Most of the Audio Core features are demonstrated using application examples found in the SPARK SDK. Those are the best place to start learning about how to use the Audio Core while reading through this documentation. Sections in the documentation have been ordered from a top-down perspective, which means it starts by speaking about application requirements, then the Audio API and finally the Audio Core itself.
End-User Application¶
The end-user’s application must take care of a few things before the Audio Core can be operational. First, it must initialize and configure the endpoints it wishes to use. In the case of endpoints that rely on hardware, such as a hardware audio codec, the application would need to:
Initialize MCU’s peripherals that interface with it like the I2S and I2C controller
Configure it to have, for example, the proper sampling rate and bias voltage
Manage its interrupt service requests or the ones of the MCU’s peripherals
In most cases, the application will also use the SPARK Wireless Core as an endpoint for sending or receiving audio samples over the air. If so, the Wireless Core will need to be configured by the application using the Wireless Core API.
Once the endpoints dependencies are taken care of, the application will need to make sure it can make available a chunk of RAM big enough for the Audio Core to initialize properly. The Audio Core will then be able to dynamically allocate memory from this pool to create the audio buffers amongst other things. The chunk of RAM is usually just a statically allocated bytes array.
Finally, Audio Core objects can be created and configured. Those are the endpoints themselves, the processing stages, and the pipelines.
A few audio application examples are available in the SPARK SDK that the user can use as a starting point.
Audio Core Components¶
The Audio Core is composed of several interacting components that will be described in this section.
Audio Pipeline¶
The audio pipeline is the main abstraction.
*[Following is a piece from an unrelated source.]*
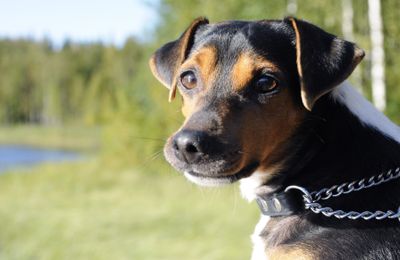 Terrier Brésilien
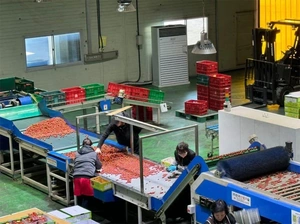 Xuất khẩu lao động: Những mảng màu sáng - tối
It puts into relation audio endpoints and audio processing stages.

Figure 28: Audio Pipeline¶
As you can see in the above picture, an audio pipeline has an audio producing endpoint, an arbitrary number of processing stages and an audio consuming endpoint. In most cases, if an audio device records and playbacks audio, it will need two audio pipelines. In some specific use cases, an audio pipeline can have more than one consumer and more than one producer.
Audio Endpoint¶
An audio endpoint is something, either hardware or software, that deals with audio samples. It can either produce them or consume them. For example, an audio endpoint could be:
A hardware audio codec (e.g., MAX98091)
A network stack (e.g., SPARK Wireless Core)
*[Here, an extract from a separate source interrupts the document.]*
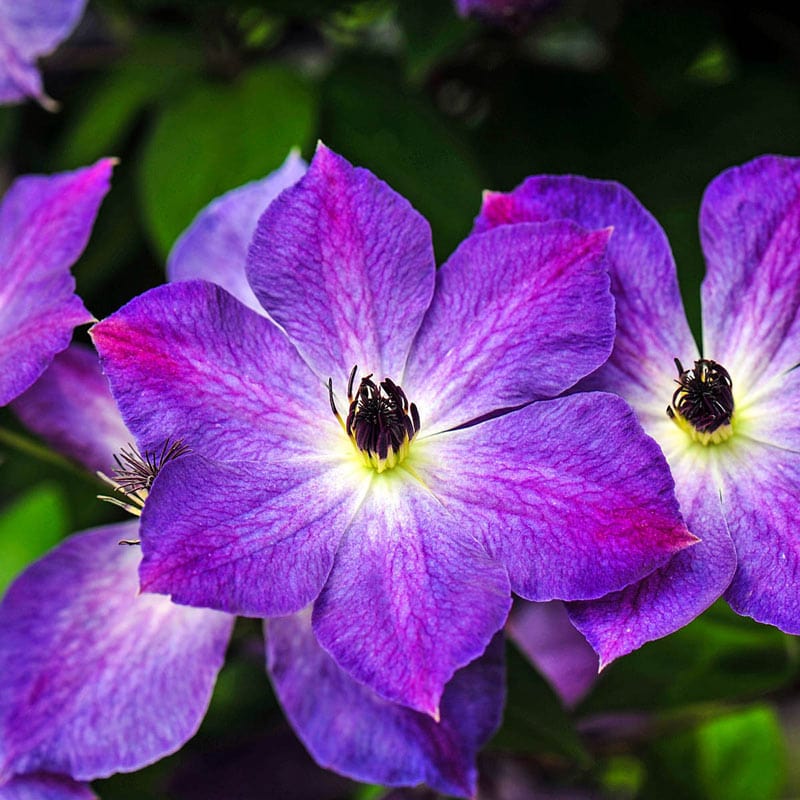 Cloudburst Clematis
An USB stack with the USB-Audio class
A dummy audio codec which generates a pre-recorded sin wave
An I2S interface used to create an audio pipe
To be considered a valid audio endpoint, one must adhere to a specific endpoint interface. The Audio Core includes two endpoints that a user can use for his audio pipelines. The user can also create his own endpoints to suit his application needs.
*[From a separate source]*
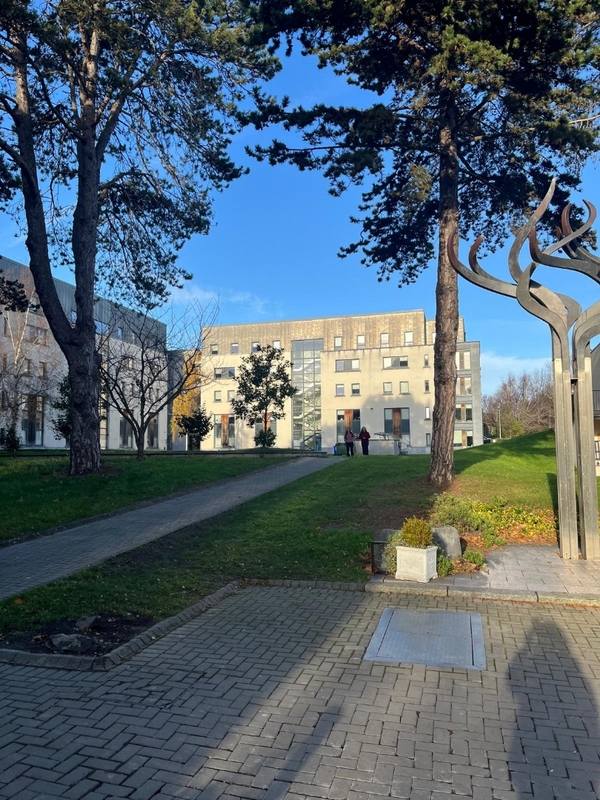 MARINO INSTITUTE OF EDUCATION  - DUBLINO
Here is the list of what makes an endpoint:
An instance specific to the endpoint. This instance enables the creation of multiple endpoints of the same type, useful when the same endpoint is used for producing samples in a pipeline, and consuming samples in another. The instance can also contain configuration parameters.
A name to describe the endpoint.
An endpoint interface which is the standard set of functions the endpoint must implement.
An endpoint is either used as a producer or as a consumer, but never both. If an audio device uses a single hardware codec to playback and record audio, for example, two endpoints need to be instantiated.
The endpoint interface is a set of three functions that each endpoint must implement to be compatible with the Audio Core. These functions are:
Action: Used by the Audio Core when it needs the endpoint to produce audio samples (e.g., recording of samples for an audio codec) if the endpoint is a producer, or when it needs the endpoint to consume audio samples (e.g., playback of samples for an audio codec) if the endpoint is a consumer.
Start: Used by the Audio Core to start the production or consumption of audio samples of the endpoint. For some endpoints (e.g., SPARK Wireless Core), this can do nothing.
Stop: Used by the Audio Core to stop the production or consumption of audio samples of the endpoint. For some endpoints (e.g., SPARK Wireless Core), this can do nothing.
Audio Processing Stage¶
An audio processing stage represents operations that will be applied on audio samples after they are created but before they are consumed. Any number of processing stages can be chained together. The output of one processing stage is the input of the next one, which means that the order used to add processing stages to a pipeline matters. Each processing stage has requirements for their inputs. Some will expect to process raw audio samples, some could expect the audio to have gone through an encoder and others could expect to process non-audio information, such as user data. For example, when receiving compressed audio, the decompression processing stage needs to be added first, then the digital volume control. If user data is used, it would be added last for a wireless core consumer and first for a wireless core producer.
To be considered a valid audio processing stage, one must adhere to a specific audio processing interface. The Audio Core includes three processing stages that a user can add to his audio pipelines. The user can also create his own processing stages to suit his application needs.
Here is the list of what makes a processing stage:
An instance specific to the processing stage. This instance enables the creation of multiple processing stages of the same type.
A name to describes the processing stage.
A processing stage interface which is the standard set of functions the processing stage has to implement.
The processing stage interface is a set of four functions that each processing stage must implement to be compatible with the Audio Core. These functions are:
Init: Used by the Audio Core to initialize the processing stage. This can be left empty if no specific initialization steps are needed.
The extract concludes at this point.